CEF of ERK language training, for maximum results
Just what does CEF mean for me? Matching needs and levels to maximise results.
Once you’ve decided to take a language course, it’s understandable why you’d want to start straight away; after all, at the gym, you can just join a class with total strangers and just get on with it. So why do you have to wait to get tested to be given a mysterious CEF level (that frankly, may mean nothing to you at first glance), then have to wait some more while you are sorted into the right class?!
I think most would agree that this comparison is somewhat redundant, and that learning, even practising, a foreign language is somewhat different to physical training. That said, it seems that most do not fully understand just how important the CEF is for language professionals, the employers, and you, the students, both to match your needs and get you into the right class, and to give you an constructive idea of how to progress to the next level.
The Common European Framework of Reference for Languages: Learning, Teaching, Assessment (or CEF as it’s often abbreviated to) was published by the Council Of Europe in 2001. It enables teachers and others to access a standardised framework of learning, teaching and assessing which applies to all European languages. With extensive guidelines that clearly describe language ability in a number of key detailed areas, they show how to progress from, and differentiate between, A1-A2 (Basic User), to B1-B2 (Independent User) to C1-C2 (Proficient User). The vast majority of all textbooks and reference materials now ascribe to these level descriptors, and all other systems, tests, and references to language learning all refer to the CEF at the very least.

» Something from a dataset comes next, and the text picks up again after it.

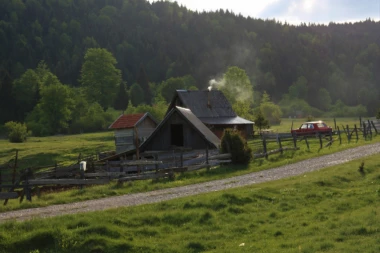 STRAVA I UŽAS U NACIONALNOM PARKU TARA: U potoku pronađeno beživotno telo muškarca (30)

OK, clear, so there’s a more precise, dependable system for language professionals, but how does this practically affect me as a student or company paying for language training? A good language course has to match, not only your level to other potential classmates, but also most importantly, your needs – some need to develop their writing skills, others their spoken production and so on. By utilizing your CEF levels, the teaching institute and trainer can develop the right kinds of materials that will maximize your learning. If, for example, it was established that you are a B2 for spoken interaction, meaning that you can “present clear, detailed descriptions on a wide range of subjects related to your field of interest”, the challenge for the trainer and student in collaboration, guided by the CEF, is to advance further, and to be able to do the same on non-familiar “complex subjects, integrating sub-themes, developing particular points and rounding off with an appropriate conclusion” for C1 level. So, these indicators are a beneficial tool for both student and teacher to ensure that there is a goal for advancement and that you don’t just turn up to class and speak the way you always have.
So, just as you would think about how best to work out at the gym, it is worth taking the time to look at the published materials The Square Mile provides on the CEF, to see how these guidelines provide a pathway to improved language development. Unlike other languages institutes which still adhere to their own internal systems and only relate to the CEF, The Square Mile uses this professional tool to optimal effectiveness, all the way through the initial assessment to the final evaluation. In so doing, we can maximize the effectiveness of the classes and ensure that you get the results you pay for.